Volume 91, Issue 29

Tuesday, October 21, 1997

Something fishy


Harris has no regrets

By Sandra Dimitrakopoulos
Gazette Staff

Entering on a wave of electrified support, Premier Mike Harris prepared to deliver his speech entitled "Beyond 2000" as over 800 delegates rose to a standing ovation while "No Regrets" by Tom Cochrane blared overhead.

The event, which took place Saturday evening at the London Convention Centre, soon quieted as Harris began discussing what he believes to be the single most important characteristic of the party's success – the past, present and future.

Using the word "courage" over a dozen times, Harris went on to explain how the Conservatives have drawn strength from this quality which will eventually help build their future successes.
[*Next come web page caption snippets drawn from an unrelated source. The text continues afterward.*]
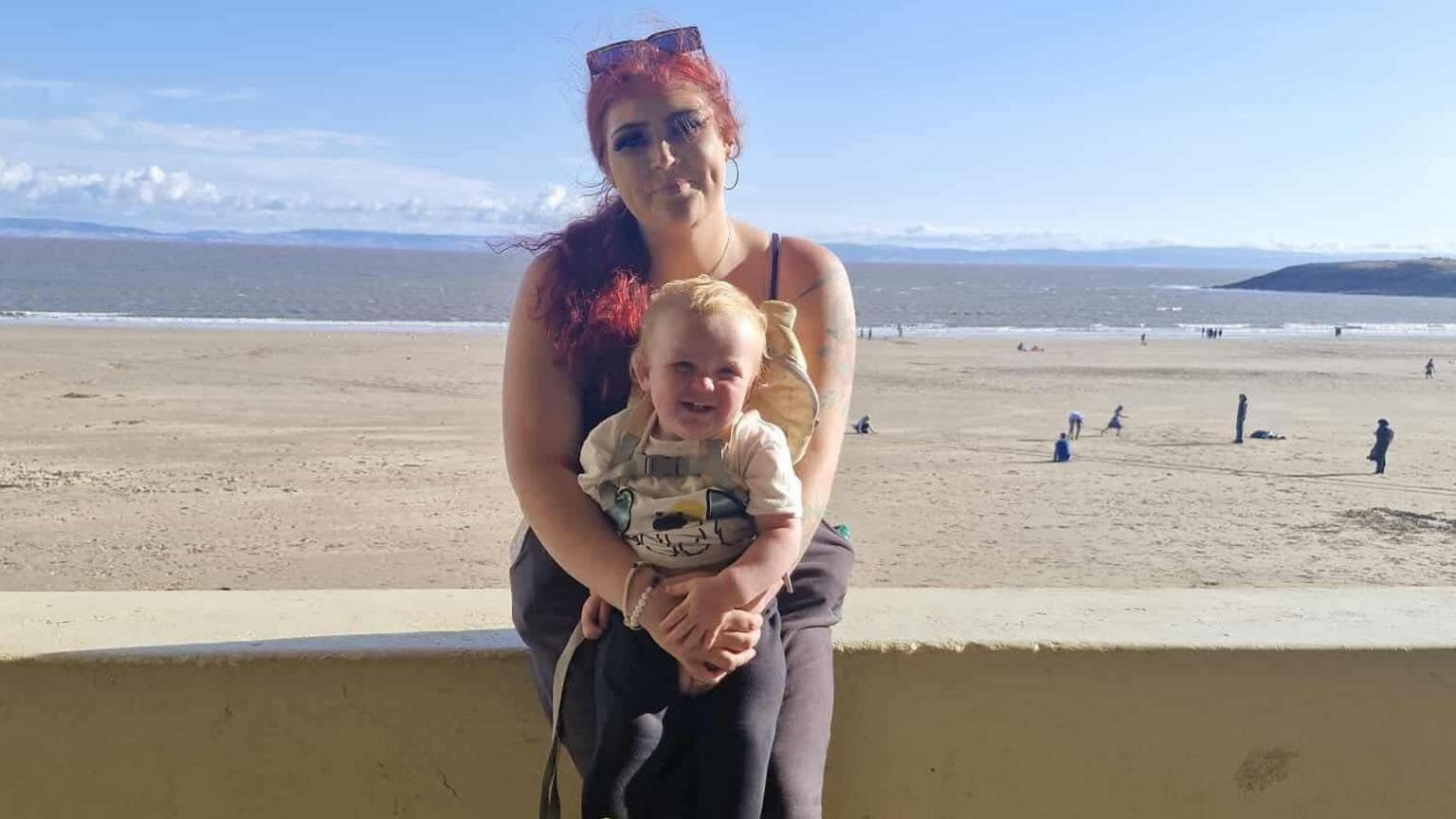 Rebecca Eccleston and her son Theo pictured sitting on concrete wall by beach promenade. The beach and sea are visible in the background. She is wearing black trousers and a black strappy top and has red hair and sunglasses on her head. Theo is smiling and sitting on her lap. He has blonde hair.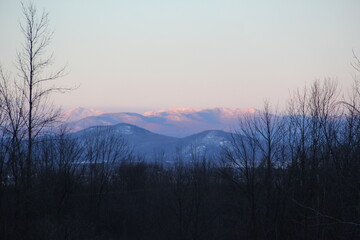 Fototapeta premium Sunrise over winter mountains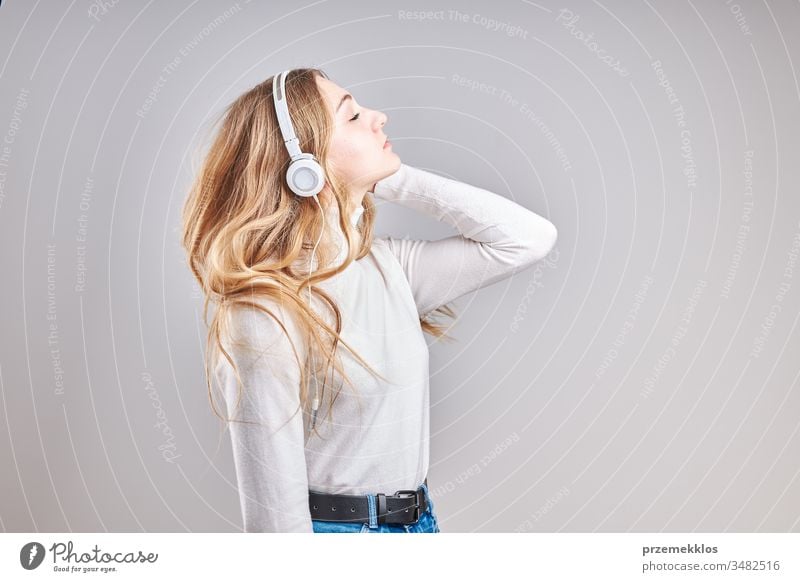 Junge Frau Mädchen, die Musik hört, die Inhalte streamt und Spaß beim Ansehen von Videos hat, Video-Chat genießt und sich mit Freunden unterhält, die Gesten machen Gesichter mit Smartphone-Ohrhörern Kopfhörer stehen über einfachem grauen Hintergrund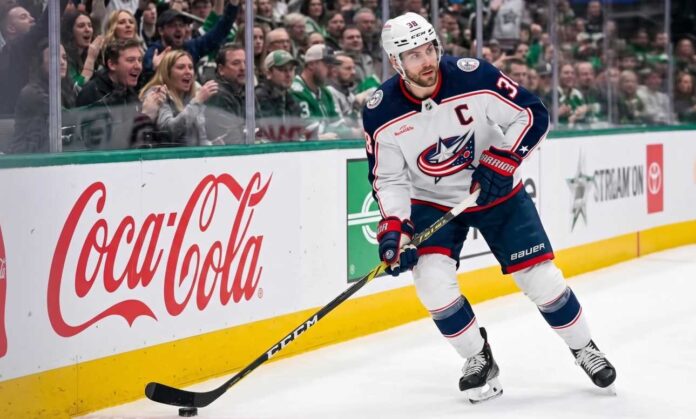 boone-jenner-columbus-blue-jackets-captain Columbus Blue Jackets captain Boone Jenner (38) in a white away jersey looking focused on the ice while handling the puck.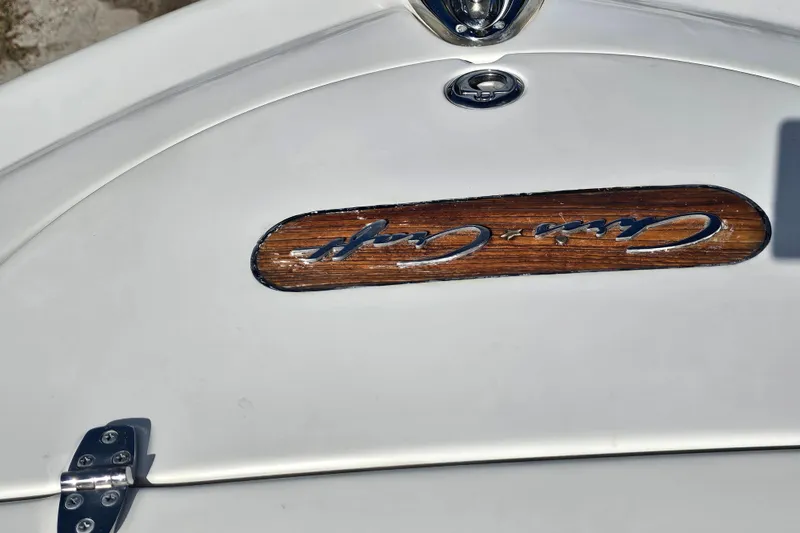 Slide: The Image of 2003 Chris-Craft Launch 28 boat emblem on white surface with wood accent. - 7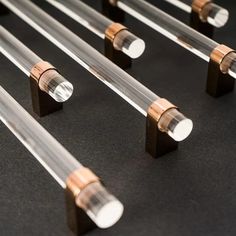 several tubes are lined up on a black surface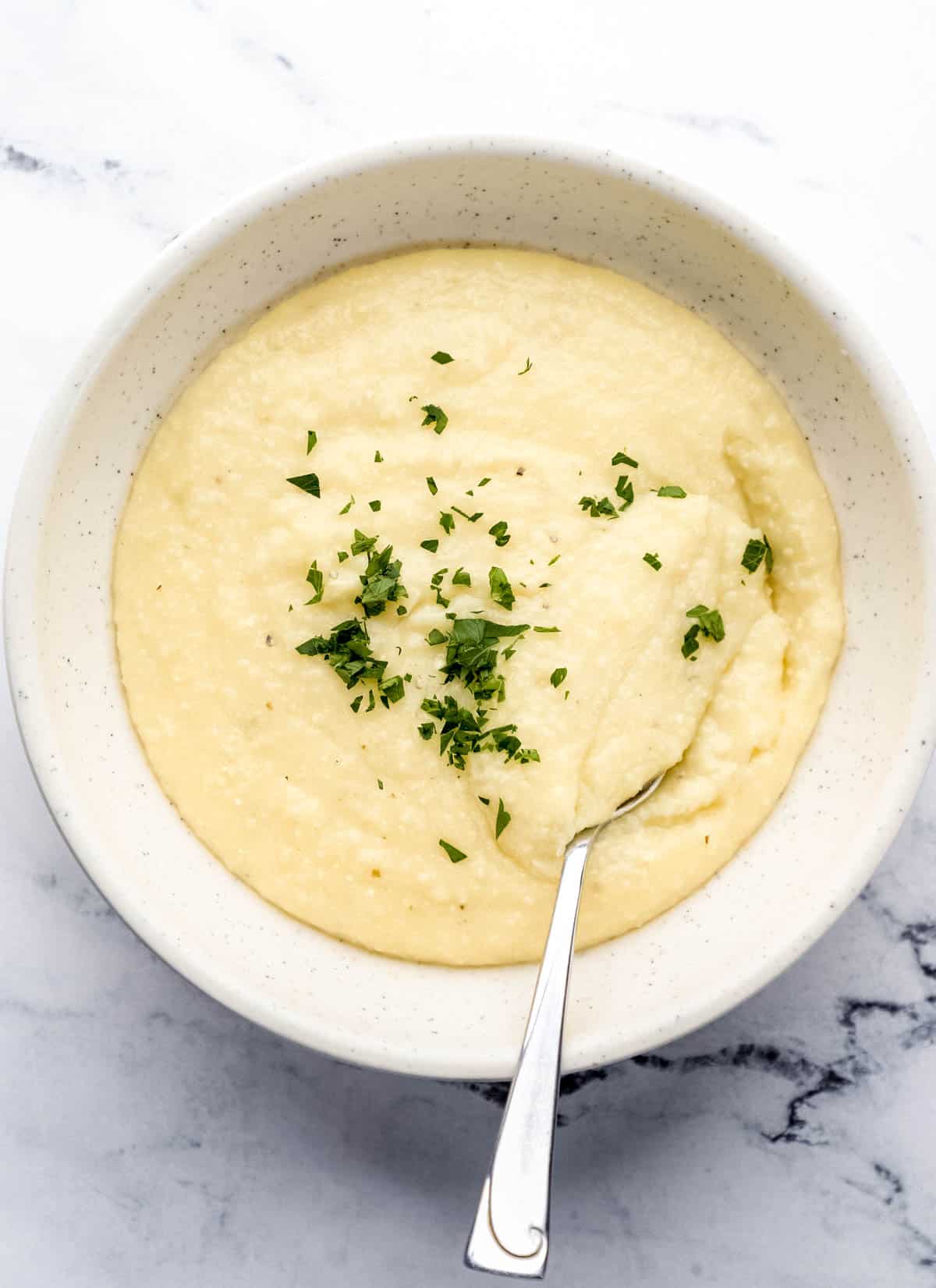 Overhead view of white bowl of cheese grits topped with fresh chopped parsley with a spoon in it. 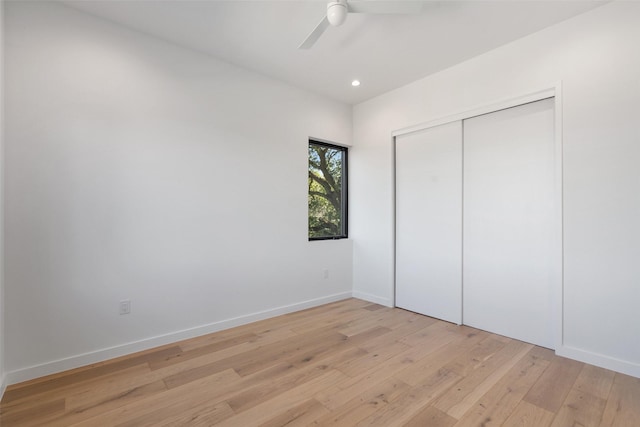 unfurnished bedroom with light wood-type flooring, ceiling fan, and a closet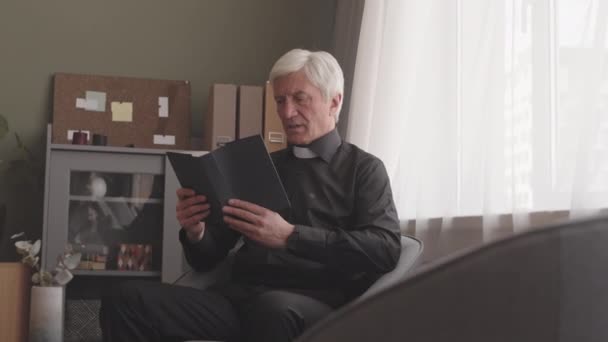 Старший Священник Черной Рубашке Белом Воротничке Читает Библию Вслух Дома — стоковое видео
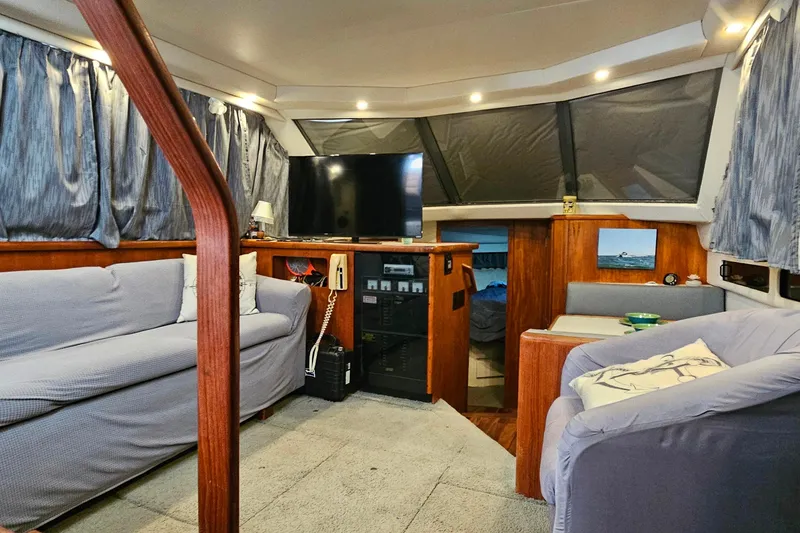 Slide: The Image of Interior of 1994 Carver 390 Cockpit Motor Yacht with cozy seating and modern amenities. - 40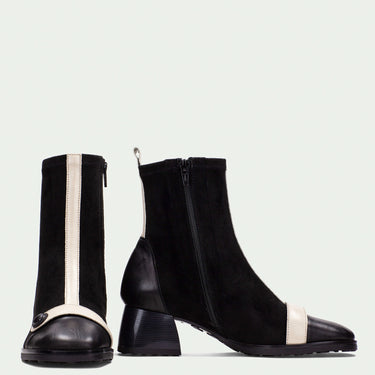 Black ankle boots with white stripes on a light gray background
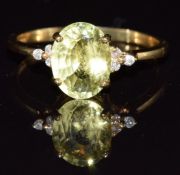 An 18k gold ring set with an oval cut chrysoberyl and diamonds, 3.2g, size Q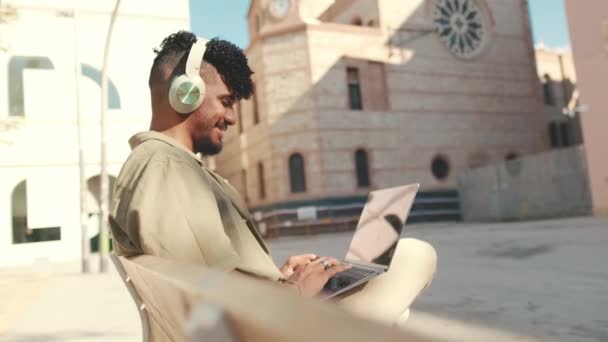 Молодий Студент Чоловічої Статі Навушниках Працює Ноутбуці Сидячи Лавці Межами — стокове відео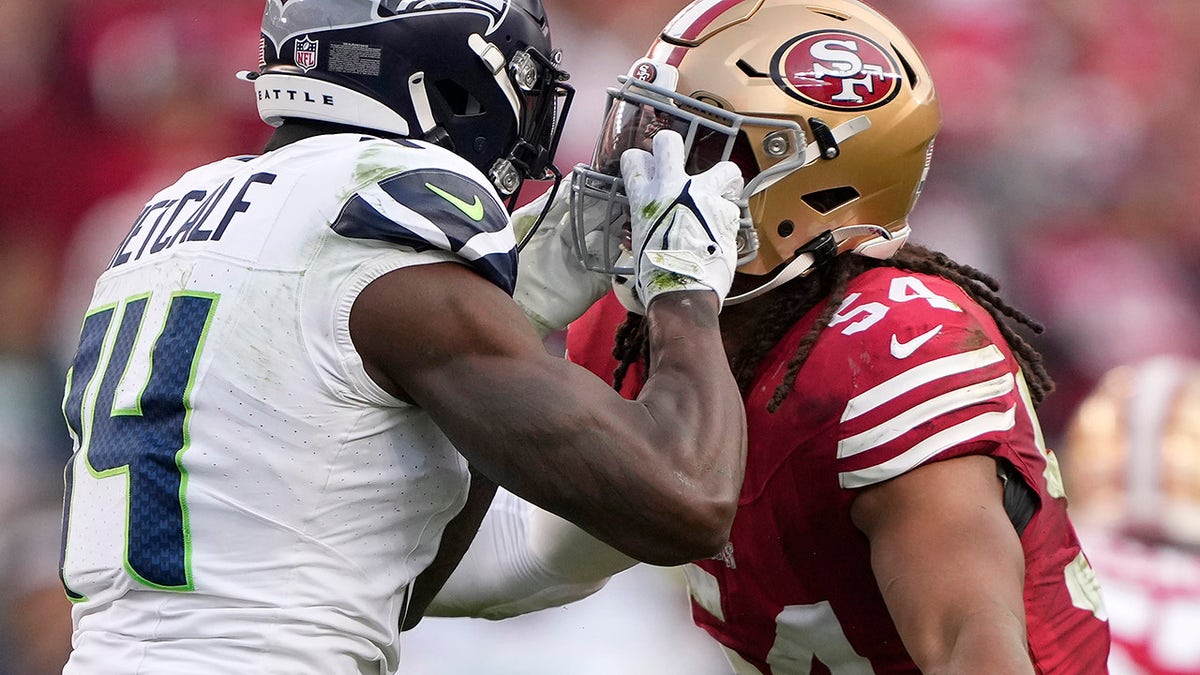 DK Metcalf and Fred Warner fight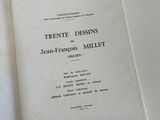 two open books sitting on a bed next to each other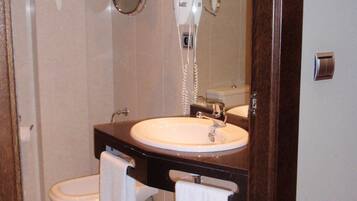 Un baño con lavamanos blanco, inodoro, secador de pelo y espejo.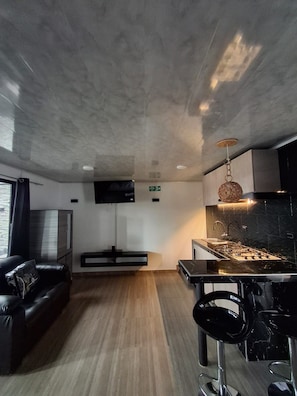 A modern kitchen with a marble countertop, stainless steel appliances, and a hanging light fixture. - Zig Zag hospedaje (Tocancipá)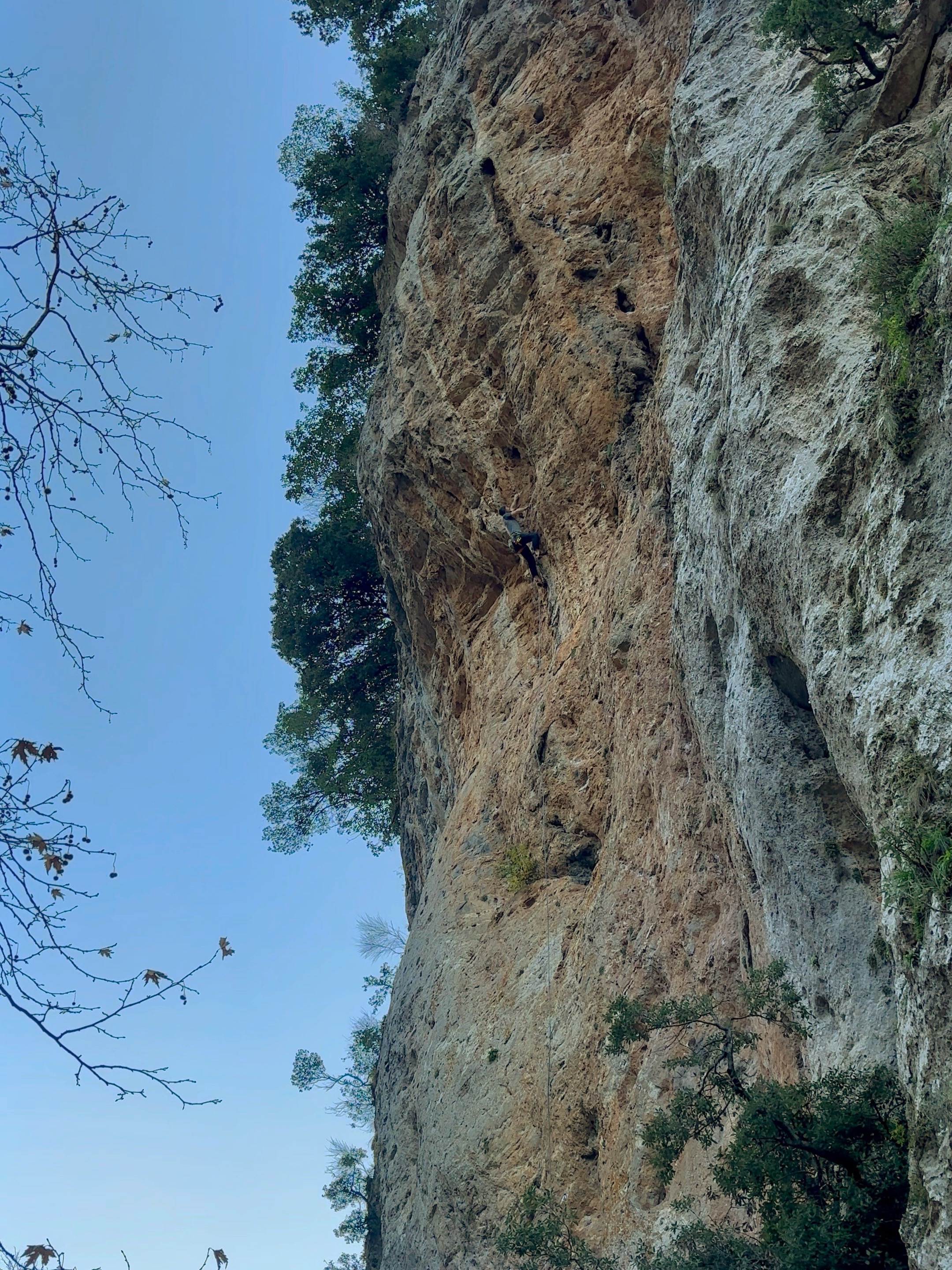 Climber tackling an overhanging section of rock at the top of a tall orange limestone cliff.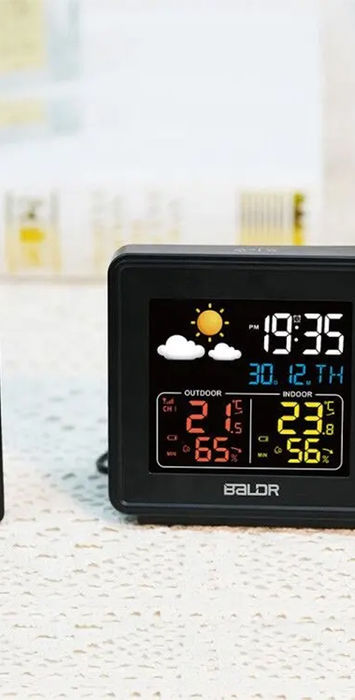 Digital wireless weather station with colour LCD screen displaying indoor and outdoor temperature and humidity, weather icons, and historical data. The device includes a separate black sensor unit for remote monitoring.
Fellow caucus members were desribed by Harris as heroes of a "Common Sense Revolution" which was designed to combat the over 1.3 million Ontarions on welfare, double digit unemployment rates and a deficit of more than $11 billion.

Harris attributed these problems to the former governments led by Premiers David Peterson and Bob Rae. "I always choke when I say their names."

By cutting taxes and spending simultaneously, Harris said he plans to not only reduce the deficit but create new jobs at the same time – a goal he believes has partially been achieved.

This year alone, he said the deficit will be less than $7 billion while over 216,000 new jobs have been created in the private sector. "And with no tricks, no smoke, no mirrors – my friends, we will balance Ontario's budget by 2000, just as we said we would," Harris added.

Other changes which have been made since the party has been in power include spending almost $1 billion more on health care than originally promised, while reducing the number of welfare recipients by 235,000.

Although Ontario schools have received more money, Harris said education is still lacking and he fully intends to implement the principles of their reform which include province-wide testing, standardized report cards, an end to larger class sizes and more teacher time in the classroom.

"My friends, if money alone were the secret to a quality education, then we would have the best system in the world. We do not. The status quo is failing our children," Harris said.

The next steps proposed by Harris include taking his new initiatives for the future back to the delegates' individual ridings to spread the word to the hundreds of thousands he hopes will get involved.